Hooks are more structured. Instead of listening to everything, they fire at specific lifecycle moments which revolve around agent interactions—like right before calling the LLM, or right after a tool finishes. They give you organized events at key checkpoints, and more importantly, they can interrupt the agent if something's wrong.

Quick comparison

Callback Handlers

Hooks

What they do

Listen to everything happening in real-time as it happens

Listen to major events before and after they happen

Best for

- Streaming output to your UI - Logging and debugging - Watching things as they happen

- Safety checks and guardrails - Blocking bad content - Enforcing rules

Can they stop the agent?

No - just watch and log

Yes - can stop execution immediately

Structure

Lots of small, unstructured events

Clean, organized lifecycle events

Why we picked hooks for Aiceberg

We need to actually stop bad content from reaching users, not just log it after the fact. Hooks let us check content at key moments—like right before the agent sends something to the LLM, or right after the LLM responds—and we can say "nope, stop right there" if something's unsafe. Also, hook events map nicely to Aiceberg's event model: user↔agent, agent↔LLM, agent↔tool. It's a natural fit.

How it works in practice

When your agent is running, hooks fire at important moments. We catch those moments, send the content to Aiceberg for a safety check, and if Aiceberg says "blocked", we throw a SafetyException and the agent stops immediately. The user never sees the unsafe content—they just get a safe fallback message instead.

Callback handlers are great for watching. Hooks are great for controlling. We need control, so we use hooks.

What we built

A simple hook provider that forwards Strands events to Aiceberg for safety monitoring. Aiceberg can block unsafe events during the flow and hence stop subsequent events like LLM or tool calls from happening, enabling safety and security.

How it works

StrandsAicebergHandler implements Strands' HookProvider interface and listens for six specific events: source - strands.

We monitor these events:

MessageAddedEvent — When a message is added to the conversation
AfterInvocationEvent — After the agent completes its invocation
BeforeModelCallEvent — Before calling the LLM
AfterModelCallEvent — After the LLM responds
BeforeToolCallEvent — Before executing a tool
AfterToolCallEvent — After a tool completes

When you register the handler with your agent, Strands automatically calls our callbacks at each critical moment.
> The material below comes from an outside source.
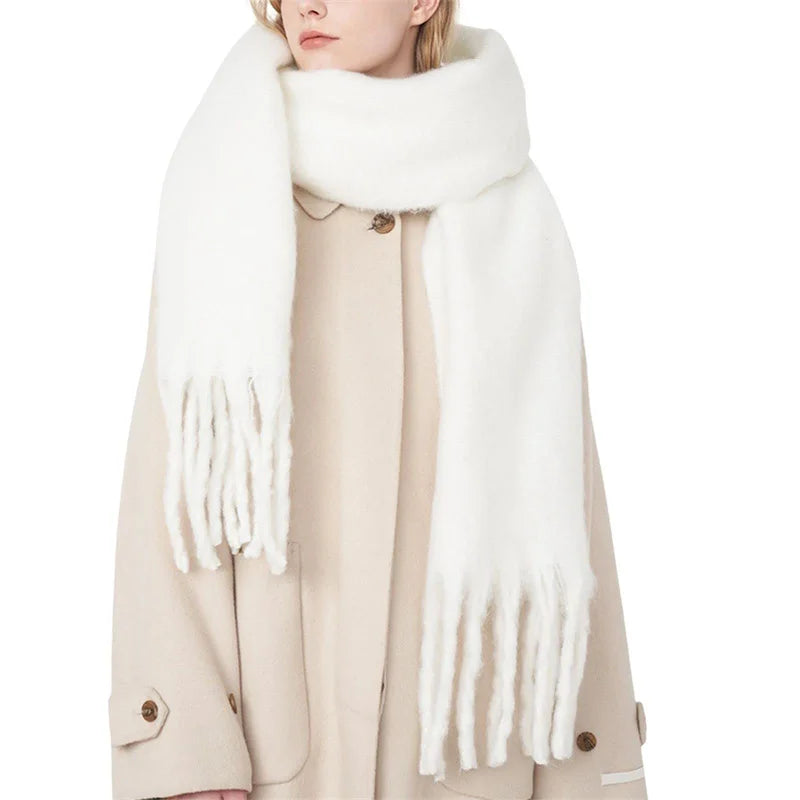 Luxury Cashmere-Feel Winter Scarf – Soft, Warm & Elegant Shawl Wrap with Tassels for Women!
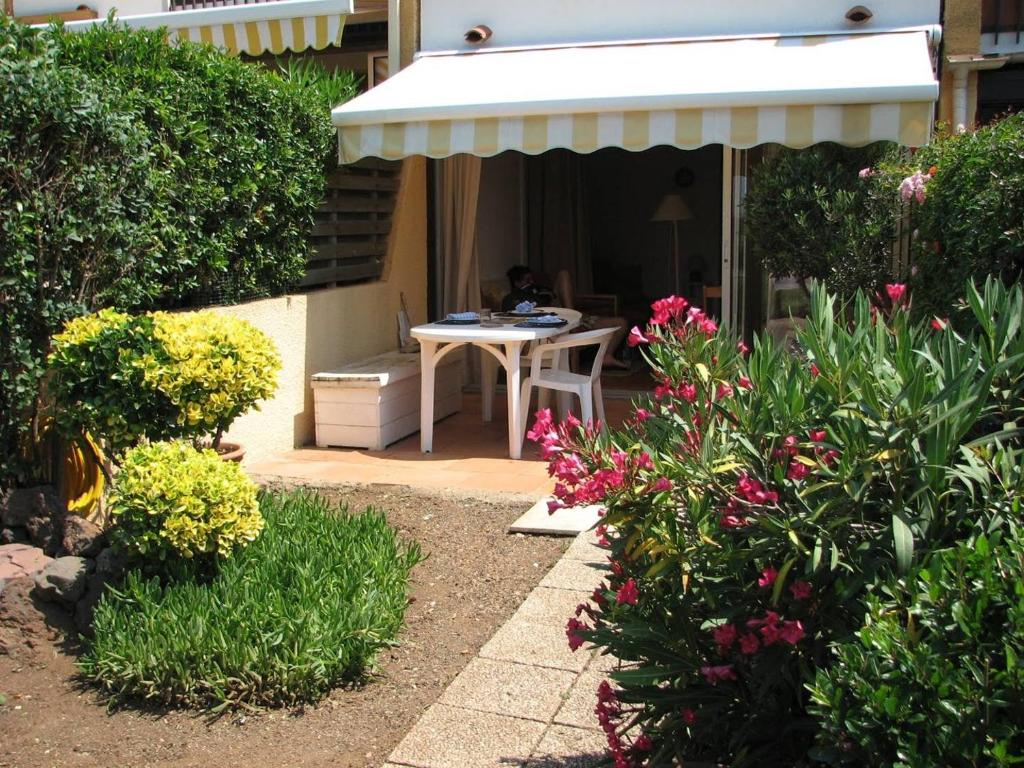 Photo de la galerie de l'établissement CAP LES PINS II Joli T2 piscine tennis bordure du golf Mt St Martin Cap d'Agde, au Cap d'Agde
Strands provides 8 total hook events, which can be found as available events on strands docs. Out of these, we currently use six for safety monitoring. The remaining two are not in use:

AgentInitializedEvent — Triggered when agent is first constructed (not useful for content safety)
BeforeInvocationEvent — Triggered at start of request (we use MessageAddedEvent instead)

User-to-Agent (user_agt)

This is where user inputs enter the system and final responses leave. We monitor two events:

MessageAddedEvent (Gate 1): When a message is added to the conversation, we send the raw user utterance to Aiceberg, capture the returned event_id, and block immediately if moderation fails.
AfterInvocationEvent (Gate 4): After the agent completes its invocation, we send the final assistant reply to Aiceberg. This is tied back to the Gate 1 event_id. If rejected, we swap the user-facing answer for your fallback.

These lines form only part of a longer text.